The world that we inhabit is full of tangible objects, objects of different weights, shapes, textures, colours, temperatures and even tastes and scents; some are stationary while others are portable. We pick up books, play musical instruments, wear clothes, sit on furniture and engage with all manner of artefacts in our day-to-day existence. With the emergence of smart materials and the IoT [16], we are having to re-think how we engage with a range of smart, interconnected objects, both day-to-day and specialist devices. This reconsideration of purpose is reflected in the emergence of a range of approaches to the design of TUIs.

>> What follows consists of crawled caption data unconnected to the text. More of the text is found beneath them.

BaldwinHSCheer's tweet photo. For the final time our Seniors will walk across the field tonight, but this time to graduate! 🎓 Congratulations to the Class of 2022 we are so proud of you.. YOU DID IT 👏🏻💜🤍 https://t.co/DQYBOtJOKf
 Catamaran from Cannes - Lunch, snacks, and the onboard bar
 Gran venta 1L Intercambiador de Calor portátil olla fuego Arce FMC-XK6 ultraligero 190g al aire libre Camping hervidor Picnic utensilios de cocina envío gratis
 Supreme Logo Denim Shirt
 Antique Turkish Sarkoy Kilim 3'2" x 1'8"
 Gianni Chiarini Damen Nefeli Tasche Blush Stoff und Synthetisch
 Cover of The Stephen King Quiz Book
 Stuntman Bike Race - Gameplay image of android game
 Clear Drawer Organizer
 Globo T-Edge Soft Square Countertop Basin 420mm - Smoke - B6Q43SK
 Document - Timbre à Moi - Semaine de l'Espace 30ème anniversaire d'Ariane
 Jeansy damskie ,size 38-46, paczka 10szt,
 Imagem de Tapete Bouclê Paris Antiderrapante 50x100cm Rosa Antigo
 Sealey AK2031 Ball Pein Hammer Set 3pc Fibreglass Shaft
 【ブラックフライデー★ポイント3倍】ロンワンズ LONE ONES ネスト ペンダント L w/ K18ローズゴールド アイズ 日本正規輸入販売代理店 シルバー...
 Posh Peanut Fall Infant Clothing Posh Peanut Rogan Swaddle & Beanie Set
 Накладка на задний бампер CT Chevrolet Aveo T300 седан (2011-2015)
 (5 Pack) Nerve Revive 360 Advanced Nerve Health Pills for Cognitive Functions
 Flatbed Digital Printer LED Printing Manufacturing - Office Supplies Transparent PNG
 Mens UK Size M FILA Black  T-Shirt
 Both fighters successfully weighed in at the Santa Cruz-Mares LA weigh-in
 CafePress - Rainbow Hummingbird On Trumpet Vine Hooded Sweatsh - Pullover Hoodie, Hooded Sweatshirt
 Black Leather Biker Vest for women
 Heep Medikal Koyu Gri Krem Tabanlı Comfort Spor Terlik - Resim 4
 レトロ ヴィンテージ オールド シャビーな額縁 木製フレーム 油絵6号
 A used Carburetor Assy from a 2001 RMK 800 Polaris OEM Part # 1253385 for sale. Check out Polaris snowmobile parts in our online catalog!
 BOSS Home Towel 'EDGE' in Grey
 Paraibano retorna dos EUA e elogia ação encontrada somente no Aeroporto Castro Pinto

Developing and optimising tangible interfaces, with their mix of physical active elements combined with variably configured displays, presents significant challenges compared to design processes targeted at traditional, screen-centric keyboard/mouse driven UI systems. Sketching, perhaps the most widely used design tool is obviously used to efficiently communicate concepts to other members of a design team but also, and perhaps more importantly in terms of the current study, is a central methodology in design research. In this role, it can be considered as an early-stage, minimal fidelity, prototyping methodology. “… sketching is thinking. … Its purpose is to test and verify a concept through a communicable representation”. [17] This design-research aspect of sketching is problematic in a hybrid digital/physical domain since the elements that make up tangible interface systems tend to require configuration and linking in application-specific ways that mitigate against the flexibility and low investment investigations typical in more conventional, paper-based sketching. Blackwell et al. [18] explicitly follow the sketching paradigm in their ‘Tangible-Prototyping Workshop’ methodology, but extend the range of sketching resources to include familiar 3D materials such as foam boards, modelling clay, pipe cleaners, string etc. Their aim is to be able to rapidly produce tangible ‘sketches’ that that provide maximum opportunity for creative exploration and evocative experiences and which support a range of analyses of the resultant ‘solid diagram’. Their approach is severely limited in terms of the functionality of the prototypes produced, but a number of other projects such as that of Nam (2005) [19] and ‘Sketch-a TUI’ [20] have sought to address this problem through approaches based on ‘interactive sketching’, extensions or augmentations of traditional sketching which seek to retain the spontaneity of drawing while using AR and sensing to implement some of the functionality of reactive objects.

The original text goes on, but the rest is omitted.